Un attacco di terra in Libano scatenerebbe innanzitutto una reazione massiva da parte di Hezbollah. Israele e la stampa ufficiale in Occidente sostengono che nell’ultima settimana Hezbollah abbia subito perdite devastanti in termini di uomini (comandanti) e armamenti. In realtà, le operazioni israeliane, come di consueto di stampo terroristico, hanno finora causato centinaia o migliaia di vittime in grandissima parte civili, sia pure con qualche importante eccezione, mentre le armi di Hezbollah restano ben nascoste e fuori dalla portata dei bombardamenti tutt’altro che chirurgici delle forze sioniste.

Un’intensificazione dello scontro potrebbe anche avere l’effetto indesiderato di costringere allo sfollamento altri coloni israeliani che risiedono nel nord del paese, senza quindi risolvere la questione dei profughi interni ma anzi aggravandola. Hezbollah potrebbe anche fare ricorso al suo arsenale di missili ben più sofisticati di quelli impiegati finora, colpendo istallazioni strategiche israeliane solitamente al di fuori della portata dei nemici. Questa settimana, il “Partito di Dio” ha dato un assaggio delle proprie potenzialità quando ha lanciato per la prima volta un missile balistico su Tel Aviv, dove intendeva colpire il quartier generale del Mossad.
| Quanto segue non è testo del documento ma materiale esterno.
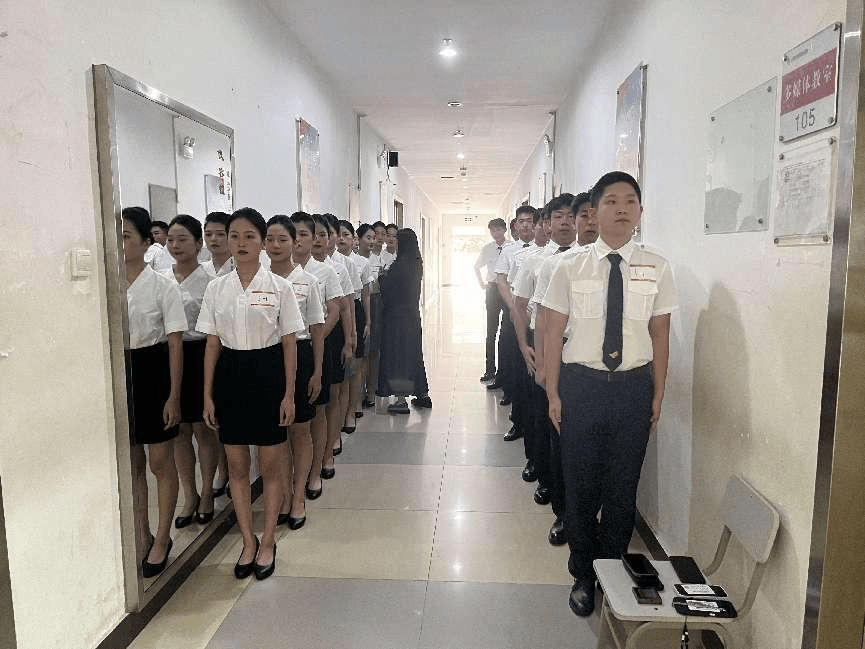 122人通过航司终审 三亚航院新学期实习就业再创佳绩_招聘_航空集团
Tutto questo senza nemmeno considerare le ripercussioni di un eventuale conflitto prolungato con Hezbollah su un’economia israeliana già in gravissimo affanno. Uno scenario ancora più rischioso se si considera che lo scoppio di una guerra totale sul territorio del Libano potrebbe convincere l’Iran e i suoi alleati nella regione ad abbandonare la relativa prudenza di questi mesi e ad agire in modo più deciso nello scontro con lo stato ebraico.

È assodato che nei calcoli di Netanyahu c’è l’auspicio che gli Stati Uniti decidano di intervenire a fianco di Israele nel momento in cui la situazione diventerà insostenibile. L’amministrazione Biden, che condivide in pieno gli obiettivi strategici di Israele, resta però scettica davanti alla prospettiva di una guerra ad alta intensità in Medio Oriente. Ciò perché un impegno maggiore da parte americana comporterebbe un dispendio di risorse che, alla luce della guerra in Ucraina, potrebbero non essere sufficienti e anche per le conseguenze negative che avrebbe sulle prospettive di successo di Kamala Harris nelle elezioni di novembre.

L’arroganza del criminale di guerra Netanyahu e dei suoi complici ai vertici delle forze di occupazione potrebbe portare perciò a un brusco risveglio. Se le perdite che Israele sostiene di avere inflitto a Hezbollah in questi giorni fossero effettivamente tali solo nella realtà della propaganda sionista, l’euforia che sta accompagnando la campagna libanese finirebbe per dissolversi in fretta, lasciando lo stato ebraico e il suo primo ministro in un altro pantano, senza obiettivi raggiungibili né, tanto meno, una exit strategy che garantisca gli equilibri militari precedenti alla guerra in corso.